She pioneered Australian industrial welfare after appointment as Superintendent of Staff Welfare at Farmer Co Ltd in Sydney during WWI.
In 1926 she commenced her career in international labour welfare and reform in the industrial department of the National Committee of the Young Women's Christian Association of China.
Here she worked towards the improvement of industrial conditions, particularly for women and child factory workers, becoming Chief of the Industrial and Social Division of Shanghai Municipal Council from 1933 to 1942.
She was appointed to the International Labour Organisation in Montreal, serving as Special Consultant on Asian Questions in 1942.
In 1944 Eleanor was appointed the British representative on the Far Eastern Sub-Committee of the United Nations Relief and Rehabilitation Association's technical committee.
At this time, Australians were classed as British citizens.

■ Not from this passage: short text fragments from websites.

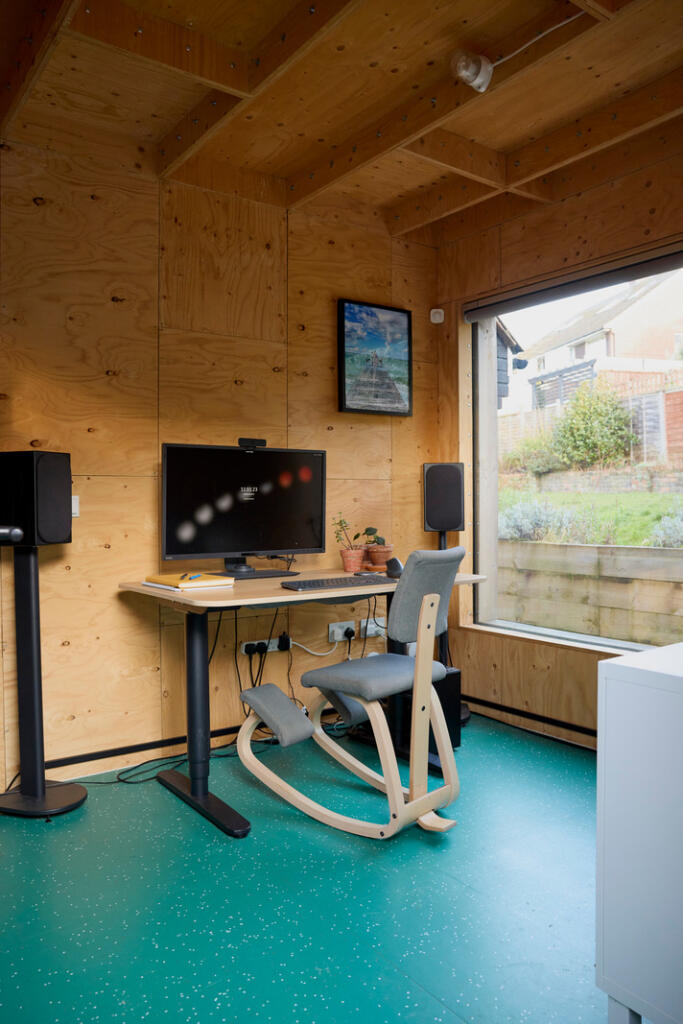 323857 - 25.12.15_TMH_SUTTON CRESCENT_48.JPG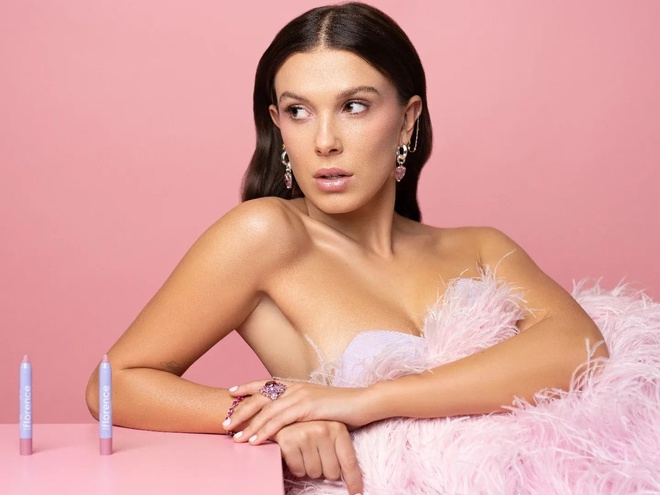 Зірка «Дивних див» Міллі Боббі Браун засвітила струнку фігуру в бікіні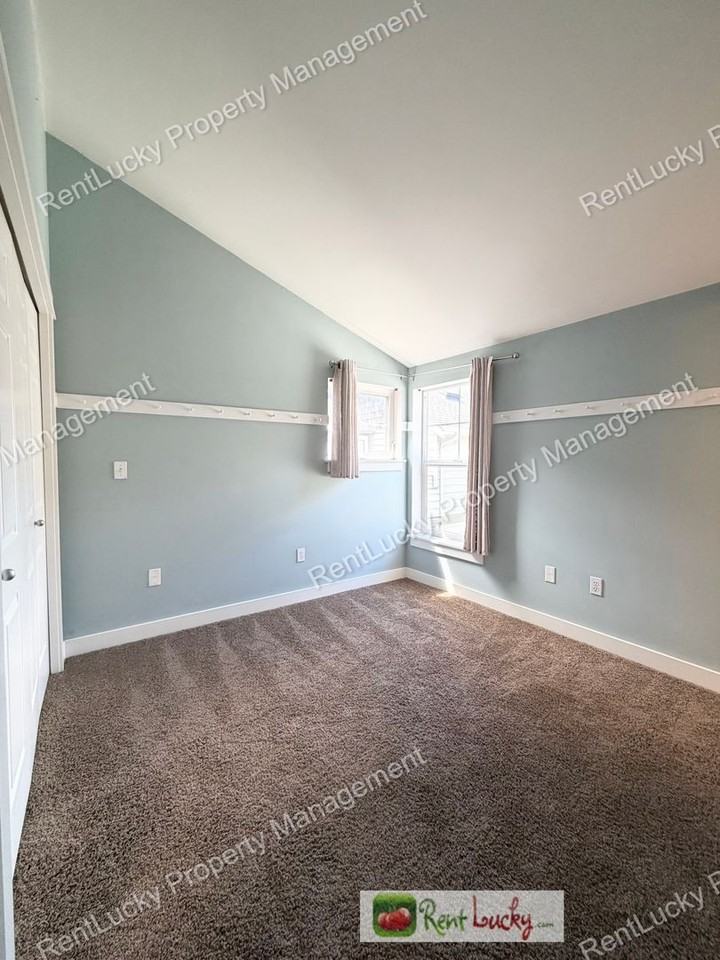 2652 Nw 56th St - Photo 6 of 23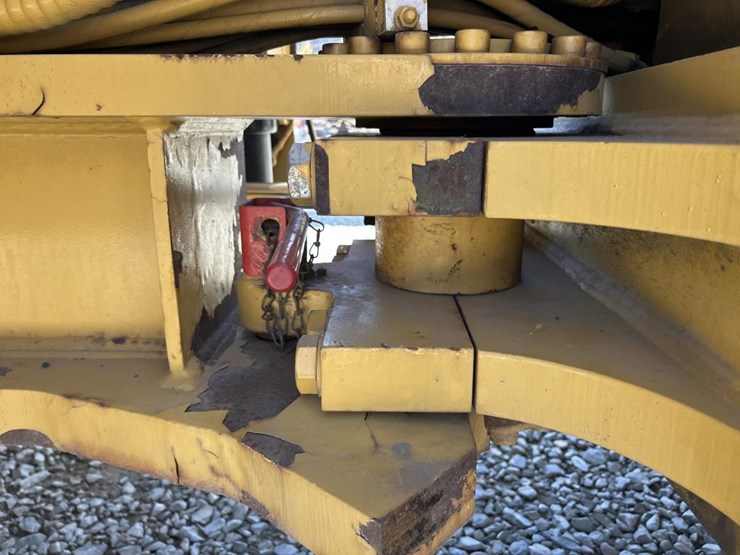 caterpillar-cb54-image-28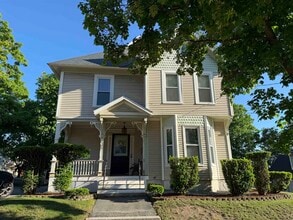 Building Photo - 475 Hanover St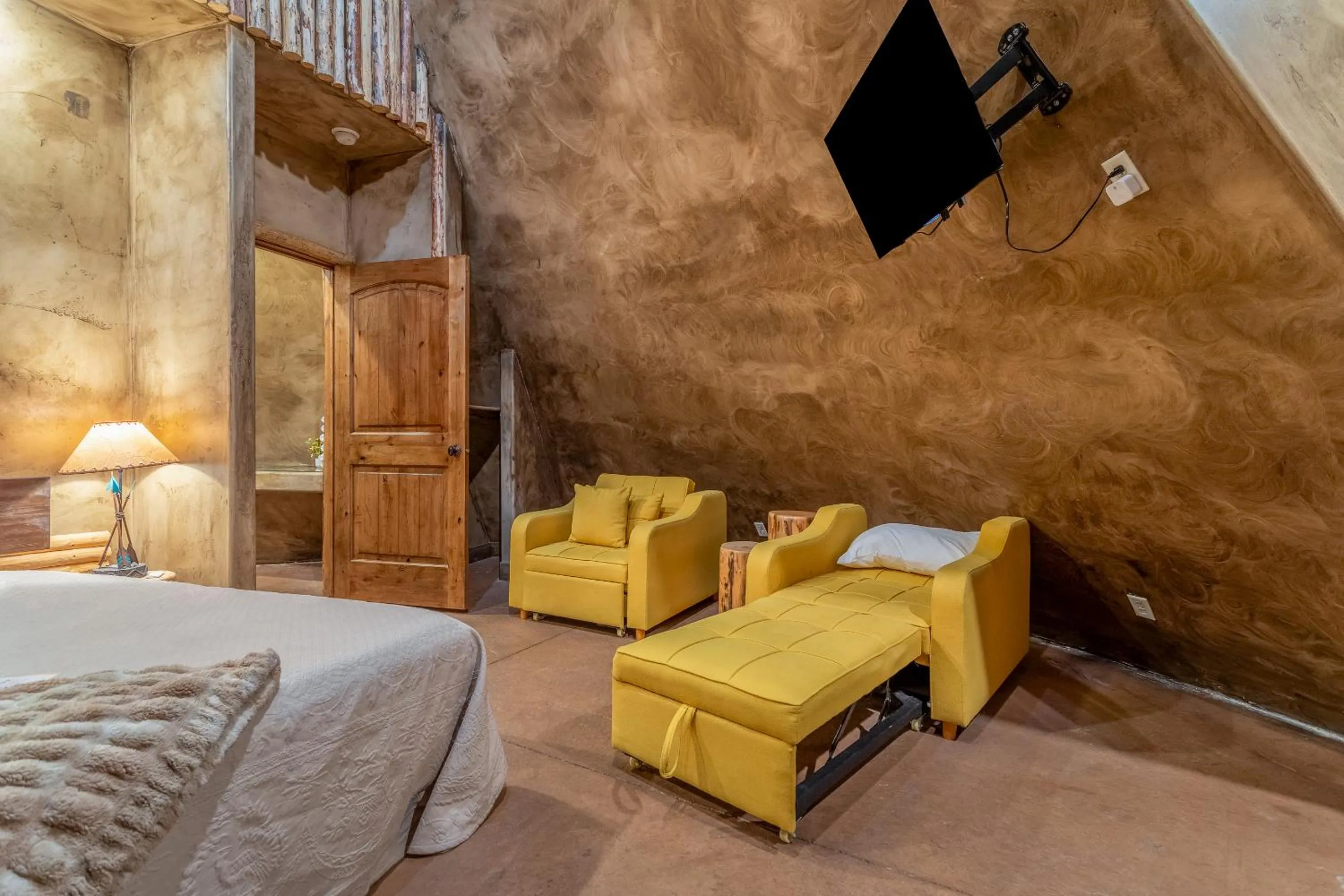 Bed in Zion White Bison Glamping & RV Resort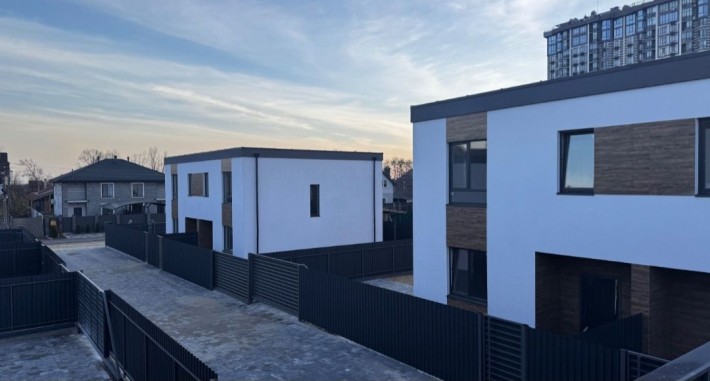 Продаж дуплексу в центрі Бучі поруч з Авенір Плаза,  ринком, школою ! - фото 1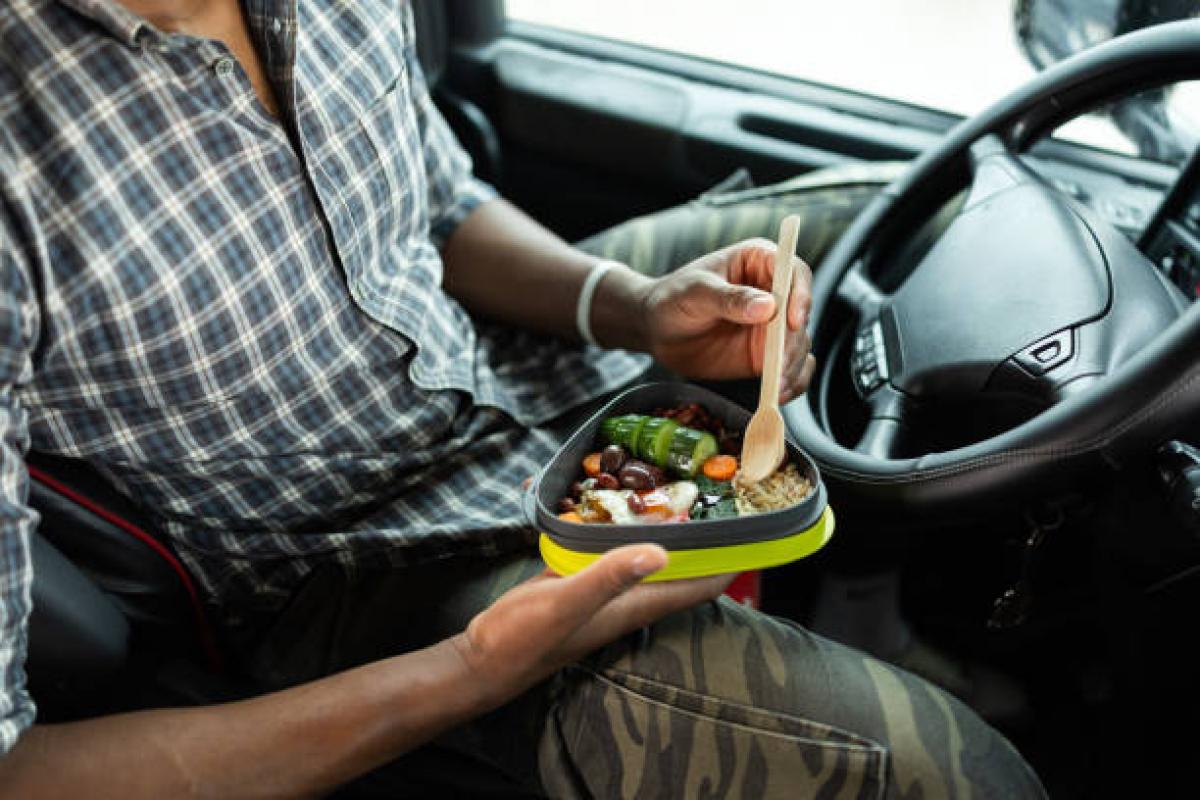 Conductor almorzando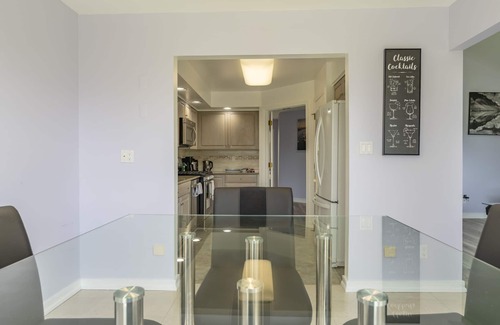 Butler House | Private Guest House - Please note does NOT sleeps 30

Later, she joined the Foreign Office as British Liaison Officer for UN activities in the Far East. Eleanor was appointed to the Order of the British Empire in 1950.
In August 1951 she became Chief of the Project Planning Division, Technical Assistance Administration of the United Nations, and she was appointed Chief of the Office for Asia and the Far East from 1953 to 1955.
In 1956 she administered the UN programme of technical assistance for Latin America, joining the UN Statistical Office.
She organised and administered a special programme of assistance to Asian governments in 1957.
Eleanor Hinder died on 10 April 1963 in San Francisco, en route to the UN to take up another short-term appointment.
Robert and Eleanor were invested into the Maitland Hall of Fame in 2017 and 2016 respectively.
One made a major contribution to Maitland, the other on the international stage.